I’m trying to create a rotating progress wheel that reveals different sections of the wheel based on the section of the page. I have the animation working when descending the page, but I can’t figure out how to reverse it when moving back up. I’m currently using “scroll into view” as the interaction trigger, but I’m not confident that is the correct interaction to use. Adding the “scroll out of view” just messes up the animation completely. I also have scrollify embedded to snap scrolling to sections.

Live page: https://cycle-rotate.webflow.io/

Read Only: https://preview.webflow.com/preview/cycle-rotate?utm_medium=preview_link&utm_source=designer&utm_content=cycle-rotate&preview=38469a12114beabdd63ba963bfd2cbbd&mode=preview

Here’s a quick diagram of the issue:

Thank you!

Hi @btmac525, I believe the best way to do it is by creating a interaction that activates with each “section”, so the progress register a % of the circle.

If you do it with the whole page you won’t be able to assign parts of the circle to sections on all devices, it will be messy. But if you do it by section I believe it could work great!

Hi @Carlos_Ruiz_Del_Vizo , thank you for the response!

I currently have the interactions broken out by section with “scroll into view”, but I can’t get it to revert back smoothly when scrolling back up. I wanted it to have the smooth rotation when navigating the page both up and down, but I think I’ll just have to have each segment of the wheel disappear when scrolling out of view then reappear on the next section without any rotation.

I originally tried using the “while page is scrolling” interaction and do it by %, but as you mentioned, it was an even bigger mess.
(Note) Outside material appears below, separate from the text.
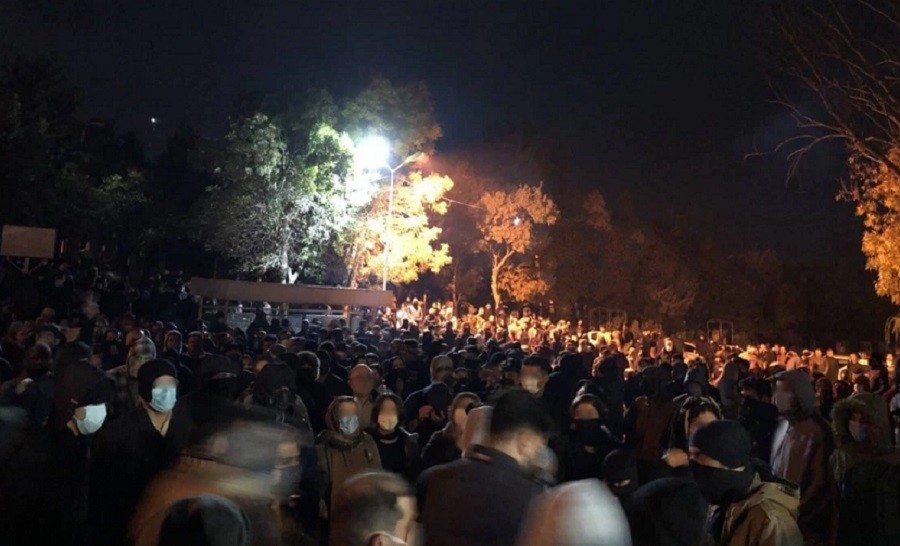 Ötən gecə SEPAH Soyuqbulaqda etirazçılara qarşı əməliyyat keçirib-VİDEO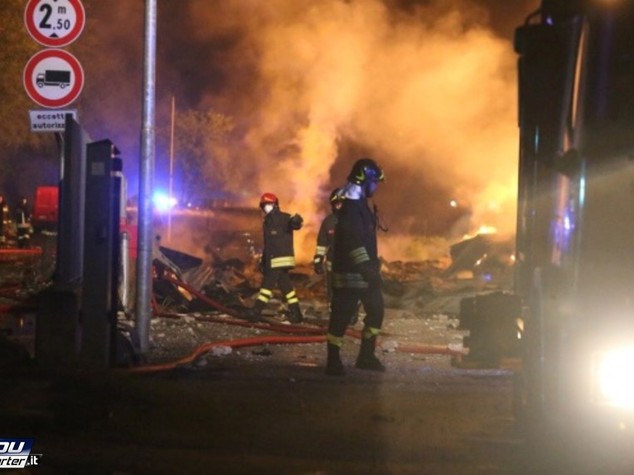 Esplosione in palazzina in provincia di Potenza, 3 morti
@btmac525 I just saw your website and it seems you are looking to replace image by image, when its much better to make it with lottie animations.
You can go to Lottieflow | Explore or https://lottiefiles.com/ for lottie animations that may work with what you are trying to do.

The problem with the images, is that you must overflow one in top of the other for a smooth transition. It’s doable, but harder.